> _Task details_:
Word for word, restate the lines of the listing below from the line with "Training High Energy" through the line with "Which of the", and do not include the pictures.

> _Dataset_:
- Opening Delimiter -
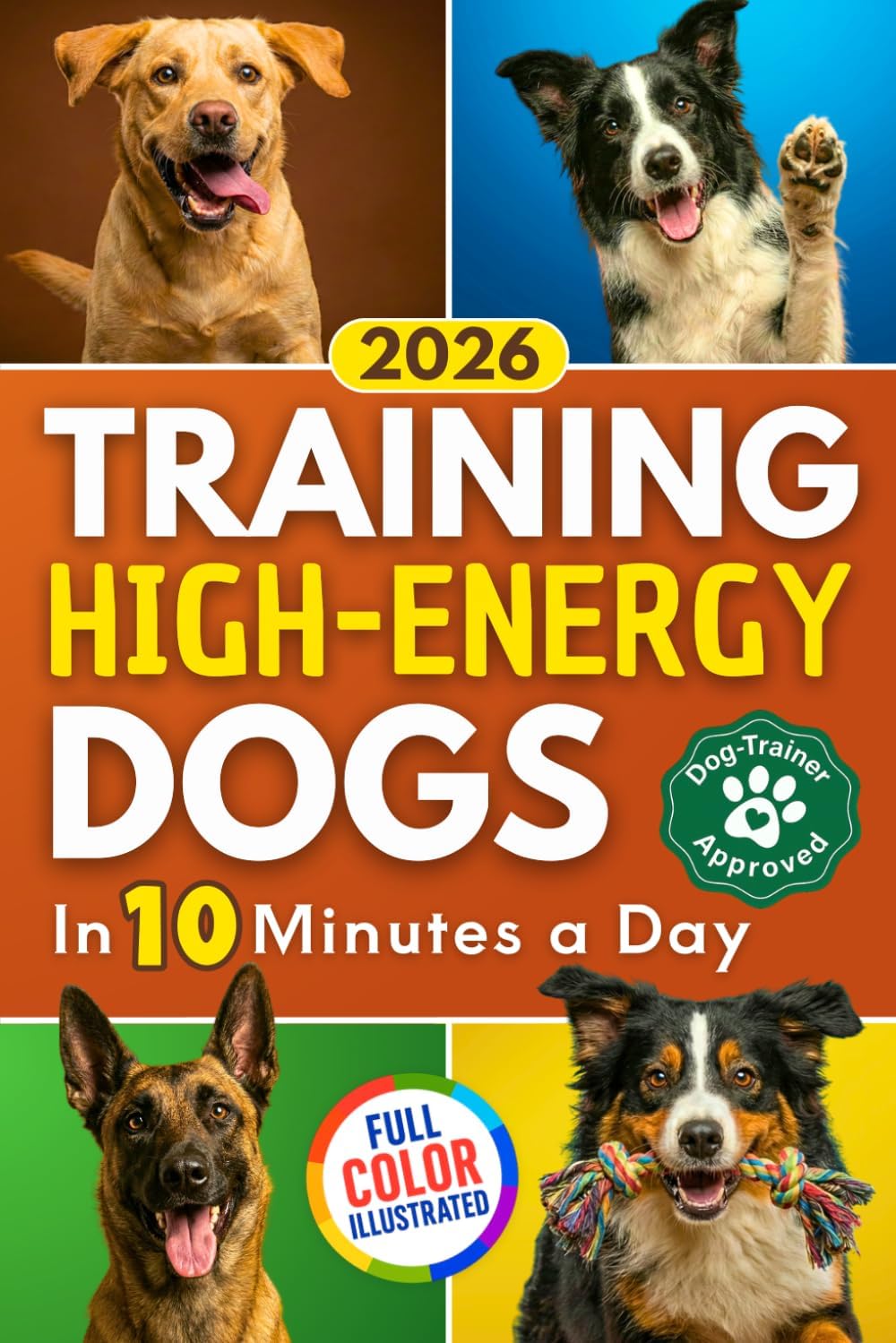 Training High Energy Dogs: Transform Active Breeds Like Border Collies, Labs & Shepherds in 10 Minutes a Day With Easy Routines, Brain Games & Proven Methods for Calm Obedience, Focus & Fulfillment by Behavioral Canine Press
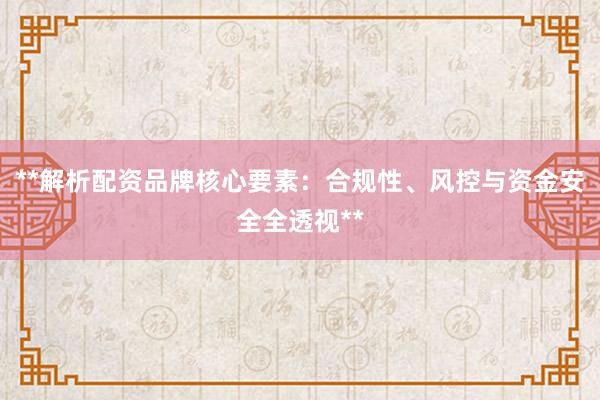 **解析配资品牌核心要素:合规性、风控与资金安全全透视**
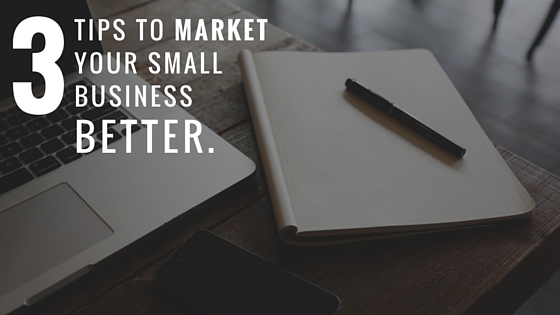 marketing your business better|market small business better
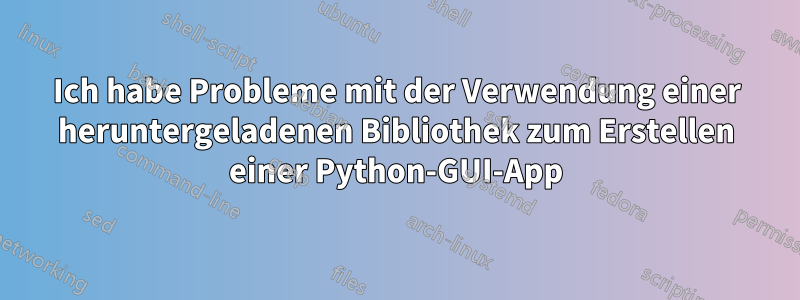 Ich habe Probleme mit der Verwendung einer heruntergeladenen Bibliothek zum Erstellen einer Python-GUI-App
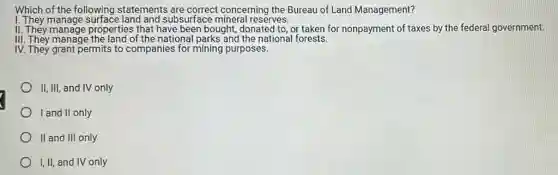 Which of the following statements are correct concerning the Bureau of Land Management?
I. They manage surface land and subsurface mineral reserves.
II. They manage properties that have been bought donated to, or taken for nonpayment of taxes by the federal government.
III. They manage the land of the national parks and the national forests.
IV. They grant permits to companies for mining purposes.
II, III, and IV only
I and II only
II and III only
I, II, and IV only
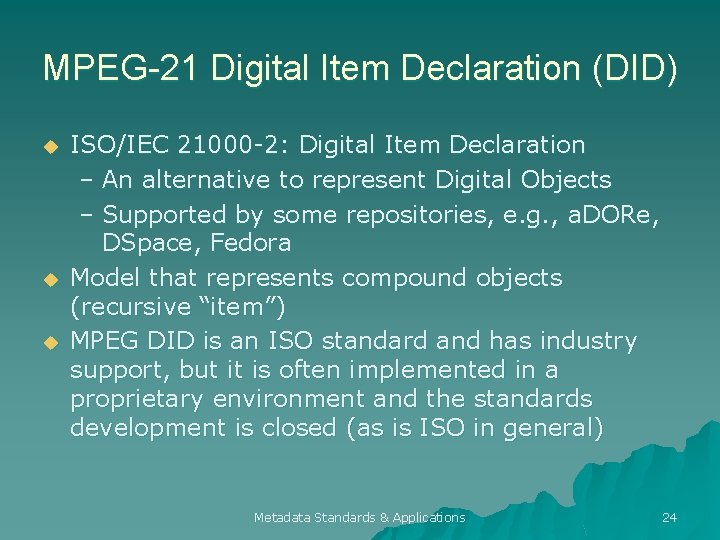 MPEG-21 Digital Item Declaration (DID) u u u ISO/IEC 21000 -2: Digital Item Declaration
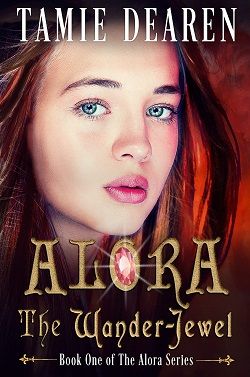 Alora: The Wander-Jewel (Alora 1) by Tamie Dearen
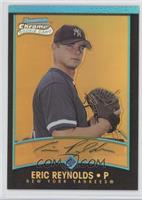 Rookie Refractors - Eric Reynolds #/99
- Closing Delimiter -
- Opening Delimiter -
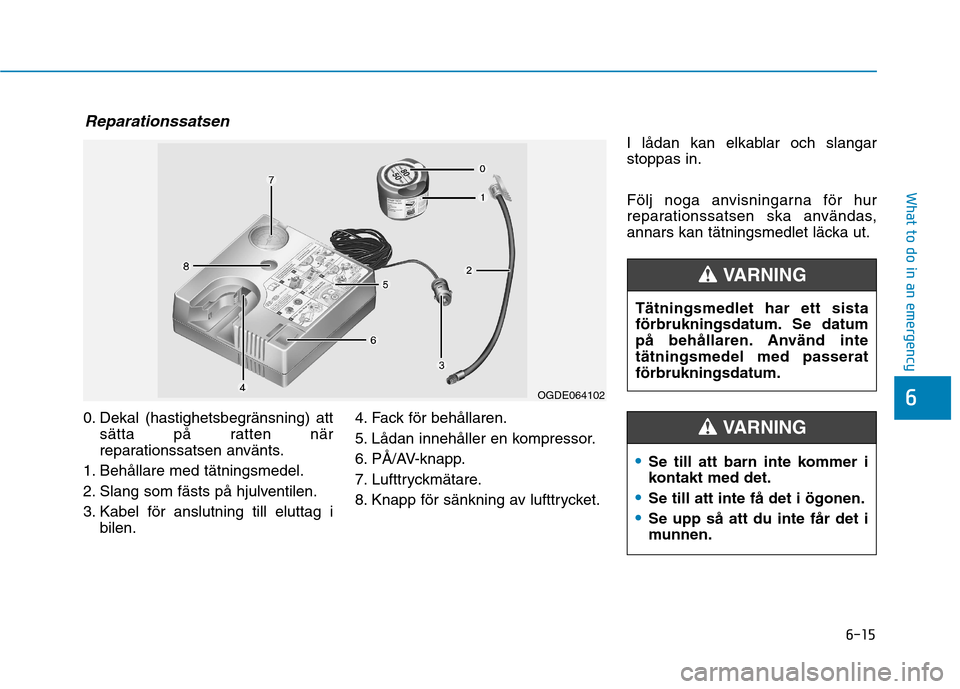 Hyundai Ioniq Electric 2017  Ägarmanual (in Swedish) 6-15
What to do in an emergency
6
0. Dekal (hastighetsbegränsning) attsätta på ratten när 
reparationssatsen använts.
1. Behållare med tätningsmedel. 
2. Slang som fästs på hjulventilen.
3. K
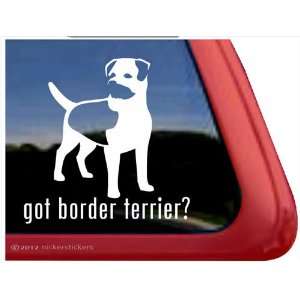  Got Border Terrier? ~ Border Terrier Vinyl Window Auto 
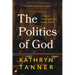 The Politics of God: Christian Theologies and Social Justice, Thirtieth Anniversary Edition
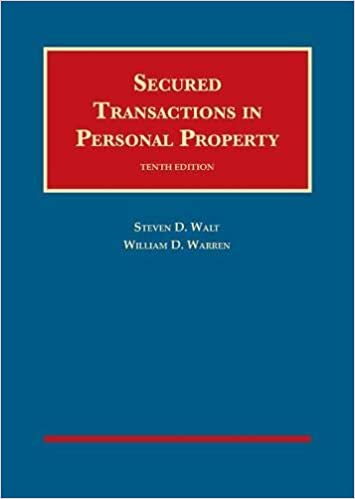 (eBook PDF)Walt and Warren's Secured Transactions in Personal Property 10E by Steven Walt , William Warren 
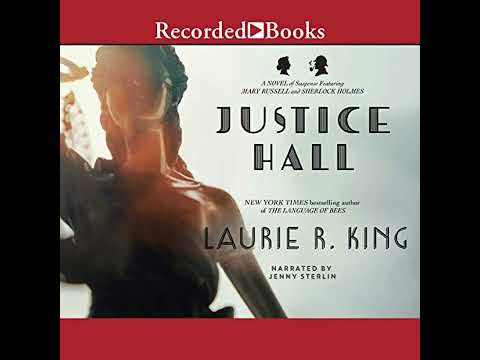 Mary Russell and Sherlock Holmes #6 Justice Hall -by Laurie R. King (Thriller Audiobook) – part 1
- Closing Delimiter -
- Opening Delimiter -
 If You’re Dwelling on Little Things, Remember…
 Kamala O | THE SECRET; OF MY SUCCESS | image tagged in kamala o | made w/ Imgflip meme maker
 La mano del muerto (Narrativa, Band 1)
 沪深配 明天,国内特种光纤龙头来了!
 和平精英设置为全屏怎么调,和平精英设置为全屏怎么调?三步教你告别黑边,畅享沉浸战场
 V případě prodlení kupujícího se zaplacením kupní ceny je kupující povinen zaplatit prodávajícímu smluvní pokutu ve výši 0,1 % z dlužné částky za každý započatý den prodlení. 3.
- Closing Delimiter -
> _Solved exercise_:
 Training High Energy Dogs: Transform Active Breeds Like Border Collies, Labs & Shepherds in 10 Minutes a Day With Easy Routines, Brain Games & Proven Methods for Calm Obedience, Focus & Fulfillment by Behavioral Canine Press
 **解析配资品牌核心要素:合规性、风控与资金安全全透视**
 marketing your business better|market small business better
 Ich habe Probleme mit der Verwendung einer heruntergeladenen Bibliothek zum Erstellen einer Python-GUI-App
 Which of the following statements are correct concerning the Bureau of Land Management?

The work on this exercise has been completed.